There are times when people need to investigate issues that require configuration or environment that is hard to reproduce locally, and they use gomote instances for such debugging sessions.
A limitation of the current implementation of this system is that all remote buildlets are lost when cmd/coordinator restarts. This limitation is documented in doc/remote-buildlet.txt:
Currently, if the coordinator dies or restarts, all buildlets are lost.
An unfortunate consequence is that this can reduce the window of time when cmd/coordinator can be re-deployed without disrupting investigative done by others.
This can generally be worked around by coordinating with people who are using gomotes to find a good time for a deploy, but it scales poorly when there are more concurrent investigations being done, especially during business hours.
This is the tracking issue to track how much of a problem it is and investigate ways to improve this situation if it ends up becoming a bottleneck.
An ultimate solution would be a mechanism that makes it possible to redeploy coordinator without losing gomote sessions, or at least makes it possible to re-connect to them without their state getting lost.

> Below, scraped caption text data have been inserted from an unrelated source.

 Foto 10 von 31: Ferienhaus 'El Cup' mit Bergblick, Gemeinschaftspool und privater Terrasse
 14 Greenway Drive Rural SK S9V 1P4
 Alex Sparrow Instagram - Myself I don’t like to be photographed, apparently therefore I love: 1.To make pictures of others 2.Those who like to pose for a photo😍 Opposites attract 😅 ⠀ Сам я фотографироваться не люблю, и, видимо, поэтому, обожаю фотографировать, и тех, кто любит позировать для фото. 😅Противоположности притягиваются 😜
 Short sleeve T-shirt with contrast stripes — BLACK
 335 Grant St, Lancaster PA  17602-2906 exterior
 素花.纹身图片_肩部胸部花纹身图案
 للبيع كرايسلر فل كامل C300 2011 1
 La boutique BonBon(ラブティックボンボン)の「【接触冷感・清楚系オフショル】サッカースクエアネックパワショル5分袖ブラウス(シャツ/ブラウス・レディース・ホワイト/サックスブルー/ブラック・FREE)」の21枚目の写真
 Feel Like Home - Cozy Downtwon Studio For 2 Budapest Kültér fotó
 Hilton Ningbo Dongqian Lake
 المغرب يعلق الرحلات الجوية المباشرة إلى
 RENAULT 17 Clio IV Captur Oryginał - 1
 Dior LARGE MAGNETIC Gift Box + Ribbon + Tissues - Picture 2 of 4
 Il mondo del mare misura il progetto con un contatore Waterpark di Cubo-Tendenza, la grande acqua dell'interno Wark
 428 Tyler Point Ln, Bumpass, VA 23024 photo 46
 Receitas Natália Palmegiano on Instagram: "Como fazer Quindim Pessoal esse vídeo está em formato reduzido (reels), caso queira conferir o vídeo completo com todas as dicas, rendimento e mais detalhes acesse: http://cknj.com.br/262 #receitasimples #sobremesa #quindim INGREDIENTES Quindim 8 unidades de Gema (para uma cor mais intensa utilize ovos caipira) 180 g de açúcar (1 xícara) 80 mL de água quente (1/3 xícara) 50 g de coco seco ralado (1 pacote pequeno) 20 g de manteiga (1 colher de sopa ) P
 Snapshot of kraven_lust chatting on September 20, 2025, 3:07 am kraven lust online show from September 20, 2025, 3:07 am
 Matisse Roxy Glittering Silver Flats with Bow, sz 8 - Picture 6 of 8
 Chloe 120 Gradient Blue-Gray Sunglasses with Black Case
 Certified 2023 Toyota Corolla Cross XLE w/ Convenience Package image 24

Short of that solution, if finding a deploy window starts to become difficult to do and starts to block other work, then perhaps some sort of a queue can be arranged so that a future deploy can be scheduled in advance, and people don't start new gomote sessions just as older ones wrap up.
In my experience this isn't a huge problem that warrants spending a lot of time on yet, but I just wanted to share some initial thoughts.
An interim solution could be to break out the gomote ssh proxy endpoint into its own service, as it likely needs to be deployed less frequently than the coordinator itself. This would still require some persistent state to be managed across coordinator deploys, though.